Scraped caption text data

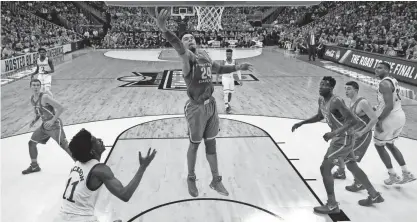  ?? CHARLIE RIEDEL/AP ?? Oregon forward Dillon Brooks (24) grabs a rebound in front of Kansas guard Josh Jackson (11) during the first half of the Midwest Regional final on Saturday in Kansas City, Mo.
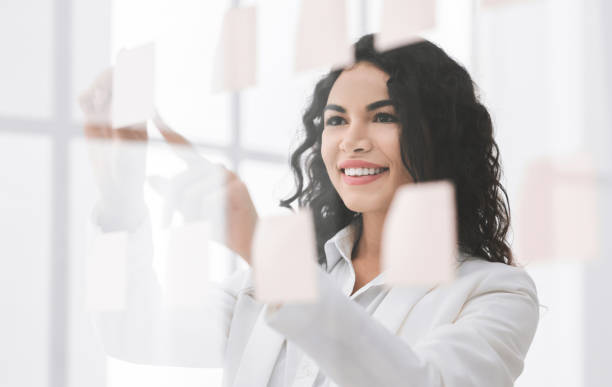 istock Smiling brazilian manager writing on sticky notes on window 1201619696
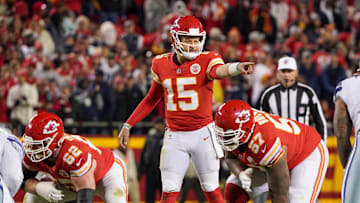 Nov 21, 2021; Kansas City, Missouri, USA; Kansas City Chiefs quarterback Patrick Mahomes (15) gestures on the line of scrimmage against the Dallas Cowboys during the second half at GEHA Field at Arrowhead Stadium. Mandatory Credit: Denny Medley-Imagn Images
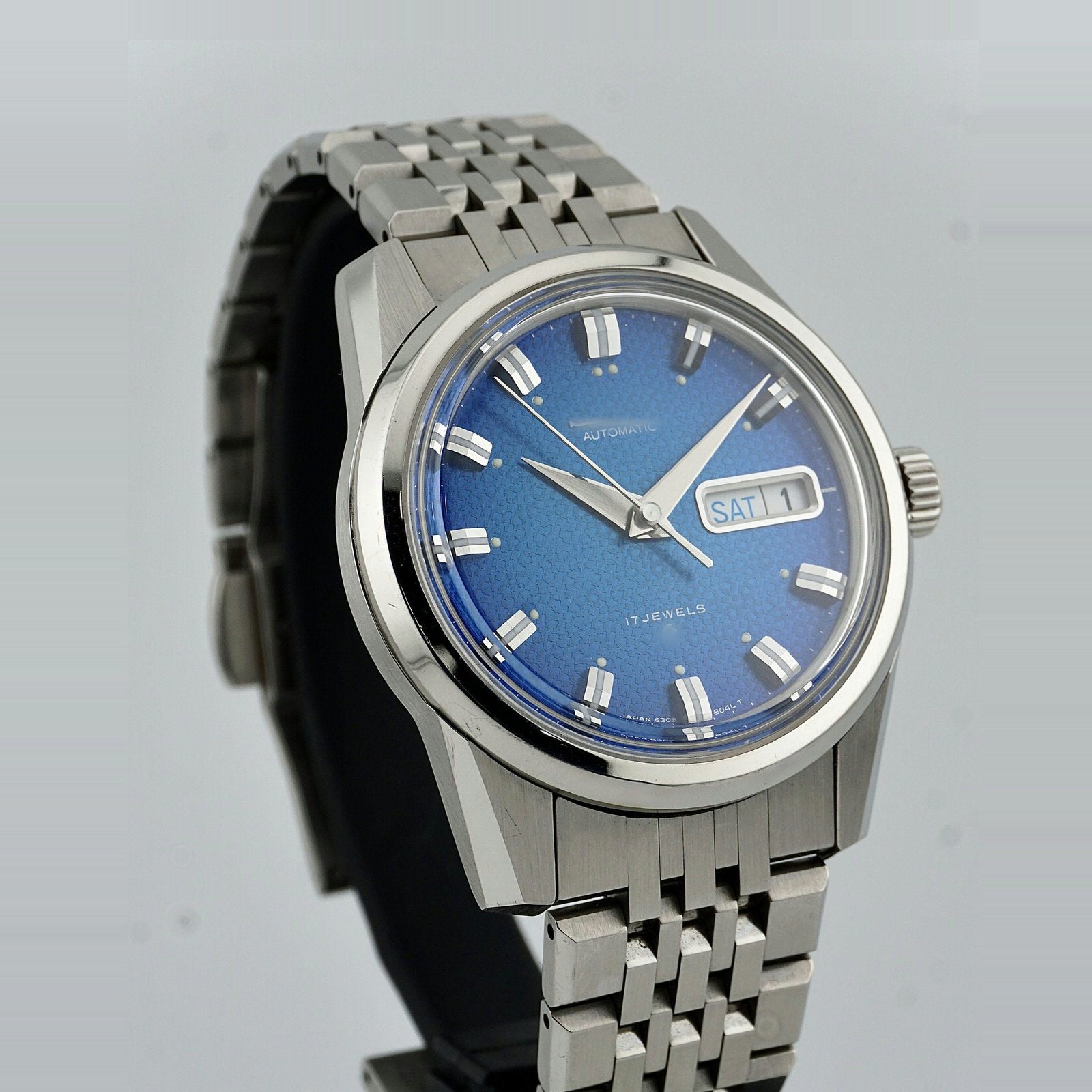 The same watch after restoration, angled view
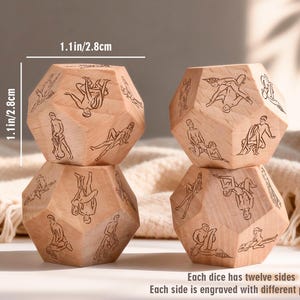 May include: Four wooden dice, each measuring 1.1 inches (2.8 cm) in height, are stacked. Each die has twelve sides, engraved with different patterns. The dice are light brown in color.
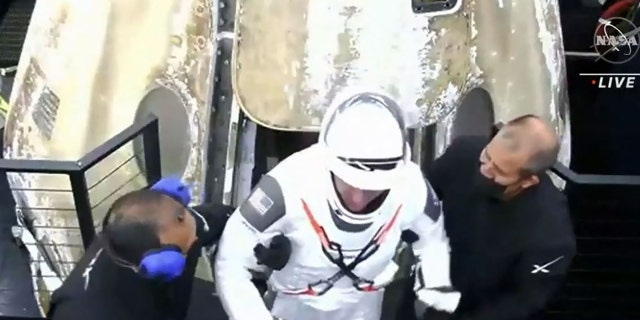 A crew member steps out of the capsule after it parachuted into the Gulf of Mexico off the coast of Panama City, Florida, just before 3 a.m. returning from the International Space Station.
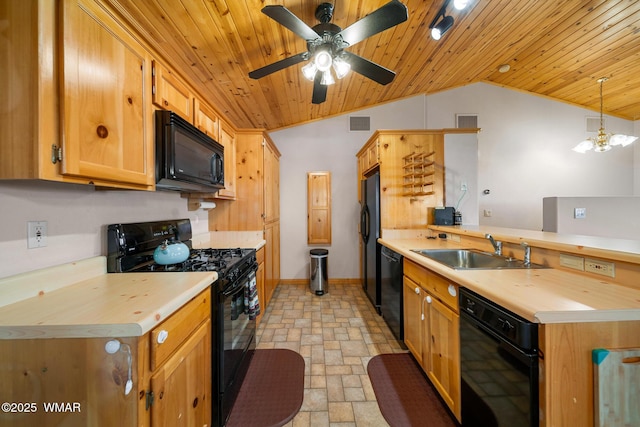kitchen with a sink, a peninsula, lofted ceiling, stone tile flooring, and black appliances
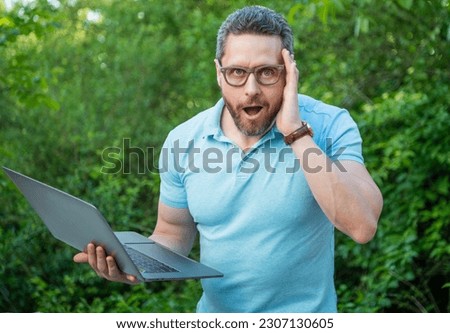 surprised programmer man working online on laptop. photo of programmer man online on computer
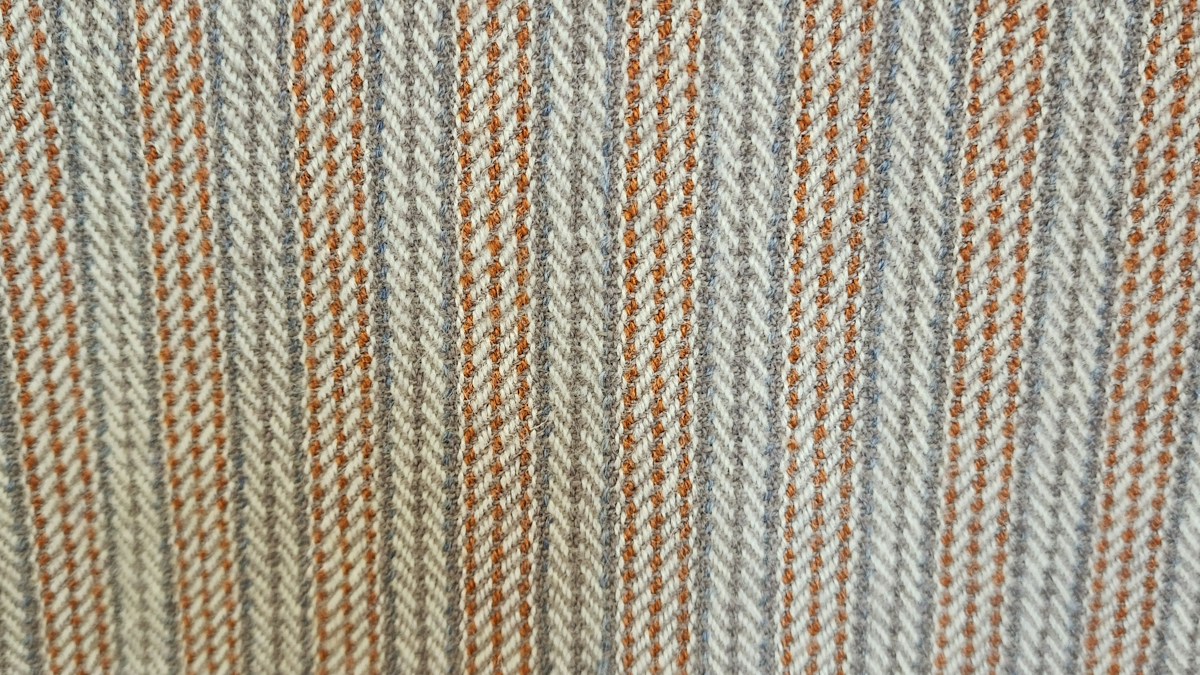 Woven herringbone stripe in blue-grey, ivory and rust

=== What you will do ===
Only the lines from the one containing "surprised programmer man" through the last line of the records above should be repeated, exactly and without pictures.

=== Result of this task ===
 surprised programmer man working online on laptop. photo of programmer man online on computer
 Woven herringbone stripe in blue-grey, ivory and rust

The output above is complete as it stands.